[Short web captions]
◆ ◆ ◆ ◆

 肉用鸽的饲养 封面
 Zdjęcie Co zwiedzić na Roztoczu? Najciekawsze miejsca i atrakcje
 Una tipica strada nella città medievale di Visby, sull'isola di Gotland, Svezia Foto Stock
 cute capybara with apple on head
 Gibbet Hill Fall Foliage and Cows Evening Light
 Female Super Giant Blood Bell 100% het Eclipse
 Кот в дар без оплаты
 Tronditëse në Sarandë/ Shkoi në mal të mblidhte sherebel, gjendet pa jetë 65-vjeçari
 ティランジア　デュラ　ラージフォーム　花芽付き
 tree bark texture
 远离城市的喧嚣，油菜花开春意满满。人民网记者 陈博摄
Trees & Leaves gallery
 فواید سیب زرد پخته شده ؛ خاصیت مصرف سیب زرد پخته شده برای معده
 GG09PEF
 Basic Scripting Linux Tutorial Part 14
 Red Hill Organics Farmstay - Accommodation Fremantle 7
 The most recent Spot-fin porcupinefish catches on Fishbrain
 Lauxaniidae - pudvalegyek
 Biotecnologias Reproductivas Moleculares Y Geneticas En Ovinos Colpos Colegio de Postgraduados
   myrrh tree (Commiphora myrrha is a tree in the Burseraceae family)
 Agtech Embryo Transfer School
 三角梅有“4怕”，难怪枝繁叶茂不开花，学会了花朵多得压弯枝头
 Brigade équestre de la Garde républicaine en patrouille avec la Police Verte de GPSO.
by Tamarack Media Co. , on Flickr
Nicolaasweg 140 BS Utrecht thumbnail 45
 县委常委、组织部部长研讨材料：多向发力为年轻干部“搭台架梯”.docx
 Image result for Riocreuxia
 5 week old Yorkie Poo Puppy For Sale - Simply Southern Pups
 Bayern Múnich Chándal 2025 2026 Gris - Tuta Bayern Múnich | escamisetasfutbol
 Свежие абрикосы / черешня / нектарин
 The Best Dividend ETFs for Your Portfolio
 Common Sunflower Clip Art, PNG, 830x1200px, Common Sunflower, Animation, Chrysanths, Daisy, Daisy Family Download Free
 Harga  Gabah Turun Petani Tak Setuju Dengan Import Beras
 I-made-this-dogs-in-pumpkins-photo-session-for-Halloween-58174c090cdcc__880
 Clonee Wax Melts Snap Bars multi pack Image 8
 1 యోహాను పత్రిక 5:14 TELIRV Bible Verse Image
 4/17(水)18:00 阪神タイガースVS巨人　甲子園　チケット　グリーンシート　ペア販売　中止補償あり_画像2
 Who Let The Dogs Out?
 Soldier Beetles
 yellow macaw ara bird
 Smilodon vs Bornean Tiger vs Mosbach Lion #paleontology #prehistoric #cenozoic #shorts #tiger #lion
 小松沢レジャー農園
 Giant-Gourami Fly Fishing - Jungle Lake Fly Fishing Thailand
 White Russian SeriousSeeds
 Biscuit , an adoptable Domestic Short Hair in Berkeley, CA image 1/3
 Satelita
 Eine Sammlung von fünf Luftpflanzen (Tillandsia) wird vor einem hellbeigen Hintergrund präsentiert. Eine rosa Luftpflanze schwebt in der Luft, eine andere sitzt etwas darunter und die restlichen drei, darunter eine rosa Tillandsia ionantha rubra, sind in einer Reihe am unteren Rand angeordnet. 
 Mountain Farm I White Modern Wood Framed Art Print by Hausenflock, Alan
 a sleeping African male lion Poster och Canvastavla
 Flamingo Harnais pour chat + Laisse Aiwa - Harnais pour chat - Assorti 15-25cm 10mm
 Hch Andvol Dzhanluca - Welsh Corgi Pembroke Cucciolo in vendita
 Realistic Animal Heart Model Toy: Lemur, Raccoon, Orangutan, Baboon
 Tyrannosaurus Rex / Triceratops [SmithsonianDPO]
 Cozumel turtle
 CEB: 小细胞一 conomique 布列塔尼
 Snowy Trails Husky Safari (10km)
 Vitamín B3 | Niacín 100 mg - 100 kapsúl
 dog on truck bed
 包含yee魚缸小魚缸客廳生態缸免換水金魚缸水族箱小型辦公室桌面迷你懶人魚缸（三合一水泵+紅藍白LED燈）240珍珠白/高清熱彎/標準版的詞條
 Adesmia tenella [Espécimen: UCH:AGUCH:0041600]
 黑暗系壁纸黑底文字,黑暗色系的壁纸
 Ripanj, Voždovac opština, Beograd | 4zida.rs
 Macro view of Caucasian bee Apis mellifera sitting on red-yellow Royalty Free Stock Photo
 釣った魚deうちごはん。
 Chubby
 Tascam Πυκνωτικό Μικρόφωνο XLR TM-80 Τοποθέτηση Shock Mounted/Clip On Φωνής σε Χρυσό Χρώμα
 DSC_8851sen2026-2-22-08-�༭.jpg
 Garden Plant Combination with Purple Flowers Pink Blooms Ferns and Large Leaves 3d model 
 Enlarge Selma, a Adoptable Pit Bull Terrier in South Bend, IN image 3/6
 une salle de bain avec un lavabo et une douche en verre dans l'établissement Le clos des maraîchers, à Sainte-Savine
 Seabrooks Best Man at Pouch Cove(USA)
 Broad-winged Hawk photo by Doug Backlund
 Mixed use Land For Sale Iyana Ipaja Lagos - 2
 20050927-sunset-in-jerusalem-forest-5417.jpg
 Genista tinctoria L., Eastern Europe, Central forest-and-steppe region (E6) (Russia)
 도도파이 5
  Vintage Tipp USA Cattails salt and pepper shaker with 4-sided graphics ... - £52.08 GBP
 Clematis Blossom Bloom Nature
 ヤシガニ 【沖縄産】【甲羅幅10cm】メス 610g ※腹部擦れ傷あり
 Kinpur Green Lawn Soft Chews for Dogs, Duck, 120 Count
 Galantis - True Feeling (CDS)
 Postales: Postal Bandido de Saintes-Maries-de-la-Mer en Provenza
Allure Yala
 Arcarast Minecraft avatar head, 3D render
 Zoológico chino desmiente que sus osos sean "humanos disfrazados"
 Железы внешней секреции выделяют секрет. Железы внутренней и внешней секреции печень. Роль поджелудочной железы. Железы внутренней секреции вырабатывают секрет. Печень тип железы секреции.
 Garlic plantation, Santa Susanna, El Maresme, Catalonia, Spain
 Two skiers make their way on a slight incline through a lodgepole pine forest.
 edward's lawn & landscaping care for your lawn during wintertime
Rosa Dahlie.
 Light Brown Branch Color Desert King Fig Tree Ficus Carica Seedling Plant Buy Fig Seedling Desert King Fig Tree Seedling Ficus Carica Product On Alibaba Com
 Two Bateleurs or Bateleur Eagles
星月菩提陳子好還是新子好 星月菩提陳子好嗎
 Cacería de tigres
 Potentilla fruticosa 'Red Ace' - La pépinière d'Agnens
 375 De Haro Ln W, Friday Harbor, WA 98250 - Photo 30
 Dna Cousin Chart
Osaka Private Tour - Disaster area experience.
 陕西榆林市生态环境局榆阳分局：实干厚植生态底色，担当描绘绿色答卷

◆ ◆ ◆ ◆

DIRECTIONS FOR THIS TASK.
How many of the lines in the records above include the word "Best"? State that number alone.

OUTPUT.
2